Torfou: historia y memoria de la Guerra de la Vendée

Torfou

Torfou se encuentra a unos 40 km de Nantes, en pleno bocage de la Vendée, una zona rural de campos ondulados, setos y pequeños bosques que invita a conducir despacio y disfrutar del paisaje. Este tranquilo pueblo es conocido sobre todo por su papel clave durante la Guerra de la Vendée, en el siglo XVIII.

En 1793, Torfou fue escenario de una dura batalla entre tropas republicanas y realistas, uno de los episodios más importantes del conflicto que sacudió la región tras la Revolución francesa. Hoy puedes visitar un monumento conmemorativo dedicado a este enfrentamiento, donde se recuerdan los protagonistas y las consecuencias de aquella jornada.

Además de su vertiente histórica, Torfou conserva un patrimonio interesante: la iglesia de origen románico, varios edificios tradicionales y, en los alrededores, castillos y molinos que recuerdan la vida rural de antaño. Destacan especialmente el castillo de la Flocellière y un antiguo molino de viento que sigue marcando el horizonte del bocage.

Es un destino perfecto si te gusta combinar naturaleza, historia y turismo tranquilo. Puedes organizar una pequeña ruta en coche por los pueblos vecinos, detenerte en algún mercado local y disfrutar de los productos de la Vendée, como quesos, bollería tradicional o vinos ligeros.

Champtoceaux: vistas sobre el Loira y restos medievales

Pueblos bonitos cerca de nantes

A unos 30 km de Nantes, Champtoceaux se levanta sobre un promontorio rocoso que domina el Loira y los viñedos cercanos. Esa situación privilegiada convierte al pueblo en uno de los miradores naturales más impresionantes de la zona, con panorámicas que cambian según la luz del día y la estación.

Champtoceaux fue en la Edad Media una auténtica plaza fuerte. De aquel potente castillo apenas quedan hoy restos, pero permiten imaginar la importancia estratégica del lugar.
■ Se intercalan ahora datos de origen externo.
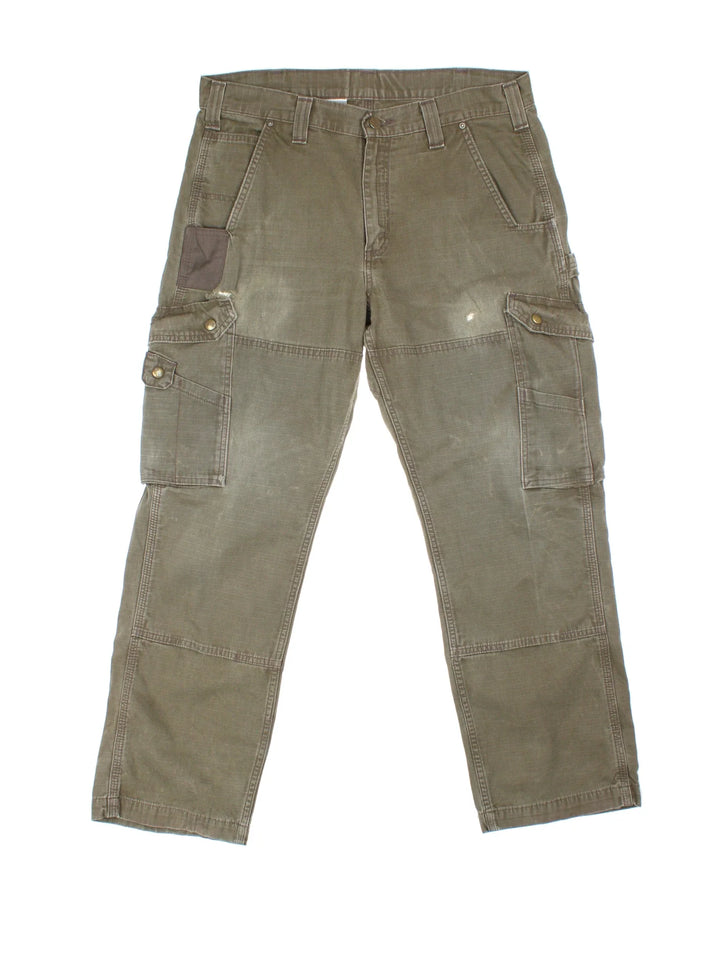 Carhartt Cargo Trousers in a green colourway with multiple pockets and the logo embroidered on the back.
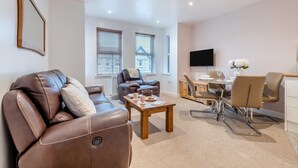 En moderne stue med en lædersofa, en lænestol, et spisebord med stole og et fladskærms-tv på væggen.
La fortaleza fue considerada casi inexpugnable hasta que las tropas de Richelieu ordenaron su destrucción en el siglo XVII, dentro de su política de control del poder feudal.

Además de pasear por los restos del castillo y las antiguas defensas, puedes acercarte a los miradores sobre el río, donde se abren terrazas naturales sobre el Loira y los campos de viñas. En otoño, con las hojas coloreadas, el paisaje se vuelve especialmente fotogénico.

La zona también invita a disfrutar de actividades fluviales: desde pequeños cruceros por el Loira hasta salidas en piragua o jornadas de pesca. Es un buen rincón para hacer una pausa en una ruta en coche por la región y estirar las piernas con una caminata suave entre viñedos y ribera.

Nantes

Por último, una de las mejores formas de aprovechar Nantes es usarla como punto de partida para una ruta de varios días por el estuario del Loira y la costa atlántica. En aproximadamente seis días puedes combinar pueblos marineros, balnearios elegantes, marismas, dunas, villas señoriales y ciudades con un pasado industrial muy potente.

Puedes comenzar por hacer una escapada a Trentemoult, tras recorrer la propia nantes hasta conocerla entera. Después puedes pasear por La Baule, uno de los mejores balnearios sobre la costa del Atlántico.

Al cuarto día le toca el turno a Pornicget, entre villas lujosas y bonitas playas. Al día siguiente le tocará el turno a Saint-Nazaire, pueblo costero con impronta propia donde puedes ver una estructura de hormigón levantada por los nazis en 1941 y visitar el submarino Espadon. Después, al otro día, llegarás a Pornic, la perla de la Costa de Jade con un casco histórico encantador.

Lo cierto es que la región del Loira Atlántico es ideal para practicar el llamado “slow travel”: moverse despacio, enlazar pueblos, disfrutar de la gastronomía local, pedalear junto al mar, explorar marismas, castillos y viejos puertos, y dejar que cada lugar se quede un poco dentro de ti. Nantes y sus pueblos cercanos son un punto de partida fantástico para este tipo de viaje pausado y lleno de matices.